Now that I got your attention, let me expand with some details...<G>

> -----Original Message-----
> From: KellySt@aol.com [mailto:KellySt@aol.com]
> Sent: Wednesday, October 13, 1999 6:43 PM
> To: lparker@cacaphony.net; starship-design@lists.uoregon.edu
> Subject: Re: starship-design: The Case for Space

>
> The mining and manufacturing do cause pollution, and moving
> it off planet
> would help, but I can't see anyone agreeing to export a major
> fraction of our
> economy even ignoring cost problems.  (Though I do expect Mining and
> manufacture will move off planet in the coming centuries, for
> these and other
> reasons, I don't think so in the next couple decades.)

There is a new method of dealing with waste that is being developed. It
involves heating the waste in the absence of oxygen which produces a very
unusual chemical reaction. Many of the basic chemicals simply break their
bonds and can be extracted easily. They are expecting very high recovery
efficiencies. This method is intended to work on Earth, but can you think of
a better place to heat something in the absence of oxygen than in orbit?
Even the heat is free!

As for exporting a major fraction of our economy off planet, I assume by
that you mean that there is a corresponding loss of income on-planet. This
isn't true. Multinational corporations do not worry about whether the income
came from one particular country versus another. They are only concerned
with the profitability of that particular, unit, office or branch. Reams of
bad science fiction not withstanding, that commercial model is likely to
hold up very well in orbit. If Alcoa opens an aluminum extraction operation
on the moon and a refinery in orbit and then ships the raw aluminum to a
factory for processing into product before shipping planet side or
elsewhere, the only thing that they are going concerned with is whether each
of those individual operations are showing a profit or not. The profit or
earnings still end up in the same place, in Alcoa's bank account, here on
Earth.

>
> FOOD!!  I'm doubtful space platforms would grow their own
> food, being able to
> compete with Earths domestic sources in domestic markets?!!  No way!

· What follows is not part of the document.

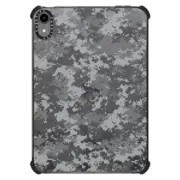 iPad mini (6th gen) iPad Impact Case My Design #1084
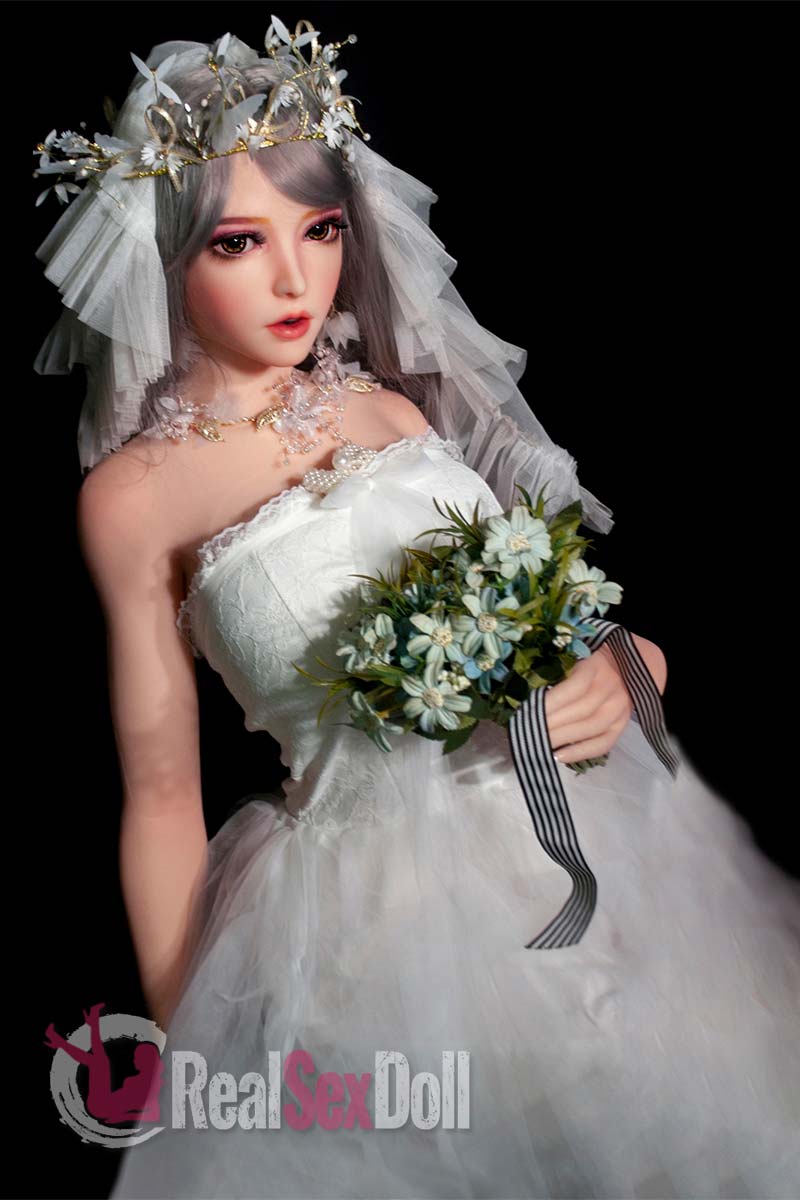HB027 Ayumi — photo 2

I was considering the possibility of a nanomachine built hydroponic farm.
Suppose you had a handful of self replicating nanomachine that you could
turn loose on a suitable part of the Moon's surface and they would build a
hydroponic farm, just add water! There is certainly enough raw material
available readily at hand on the surface. The programming would probably be
pretty tricky, but I see no inherent reason why it couldn't be done before
fifty years are up. As far as competing goes, if you are comparing such an
orbital farm against a TYPICAL planet side farm, you are being grossly
unfair - to the planet side farmer. Even modern farms in the Western
Hemisphere would have a hard time competing unless they were using the exact
same technology.

There is a down side to all of this. Quite simply, the rich will get richer,
and the poor will get poorer. If you are not part of a western economy with
access to these riches and all that will spring from them, you will be left
ever farther behind with little chance of ever catching up.